I lent my cell phone to several exhausted firemen, checking on children, wives and friends. Someone had forced open a local deli, and they were helping themselves to water and snacks. Even though it was technically looting, no one took more than they needed, except one young man, who looked like a local resident. He helped himself to a pack of cigarettes, paused, and then took two more. Tobacco does that to a person, I thought, even as I wondered at an ash-covered fireman who came out with a huge lit cheroot in his mouth. How much smoke can you take!

Another fireman came out of the store. Caked in dust and sweat, he was voraciously stuffing a banana into his mouth in between gulps of water. He looked around with a sort of pugnacious puzzlement at the ash, the debris, the mud, and the smoke. “Can you believe it?” he asked me, “I’m looking for a fucking garbage can!” He threw the peel at the ashes on the floor as if it were a demonstration against the lack of civilization in the neighbourhood.
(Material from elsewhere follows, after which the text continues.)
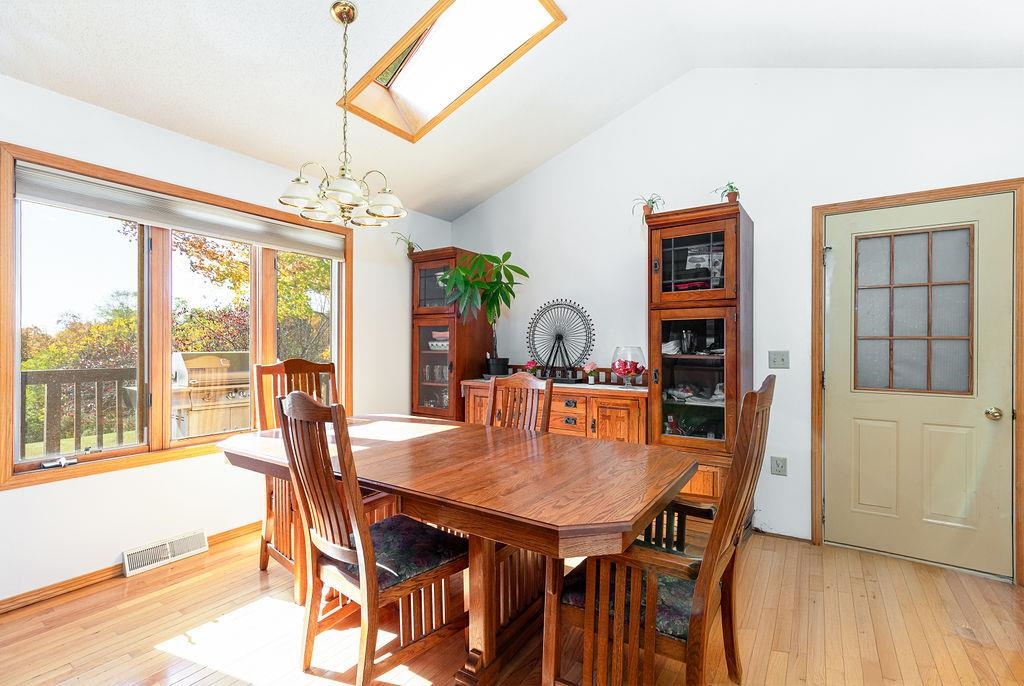 405 West Wachter Road Galena, IL 61036 - Photo 22 of 57 a view of a dining room with furniture window and wooden floor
One of the firemen who had used my phone was telling me bitterly “You know, three hundred of our guys got caught when they collapsed.” He then said, “I don’t want to offend anyone, but we just gotta go in and nuke the whole fucking Middle East now.” It was timely reminder. It was early days, and no one had fingered the perpetrators, but somehow, I didn’t want to remind him of Timothy McVeigh and the anti-Arab hysteria that the media had perpetrated before it had happened.

It was now eight hours from the first crash. I had enough local colour, and thought that I was in danger of degenerating from a reporter to a rubbernecker, so I decided to make my way back and file. I headed south only to meet a more than usually implacable police cordon on the Hudson River promenade. “Get on the boat,” they said, pointing to a tug whose bow was nudging the sea wall. “No thanks, ” I said politely, waving my press card. “You have to. It’s dangerous.”
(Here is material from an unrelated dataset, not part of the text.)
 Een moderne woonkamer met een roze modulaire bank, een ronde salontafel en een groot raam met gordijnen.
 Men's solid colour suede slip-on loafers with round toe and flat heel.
“I’m press — it’s my job to take risks. I’ve been in Beirut and the Balkans. No one’s shooting at me here, I told him, brandishing my press card.

“Get on, or we put you on. We already put two of you guys on,” he said with “make my day” relish. The tug took us to New Jersey, and dropped us at a pier with large signs saying “Condemned structure. No trespassing.” I had no idea how to get back into Manhattan to file, or to wash or change for that matter.

The view from the boat was almost worth it. The sun setting behind us was lighting up the intact windows of lower Manhattan as if they too were on fire, and tingeing the column of smoke with an appropriately bloody hue. All weekend I had been sailing on the Hudson from the Manhattan Yacht Club out of the North Cove in the shadow of the WTC. We had used the two towers as our navigation aids as we practiced tacking up and down the harbour. Their absence was even more striking. And I remembered, so was that of my fellow crew member, a Brit I had met for the first time, who had just arrived and was working on the 25th floor of one of the towers. He only had an office number. Death moved from wholesale to personal.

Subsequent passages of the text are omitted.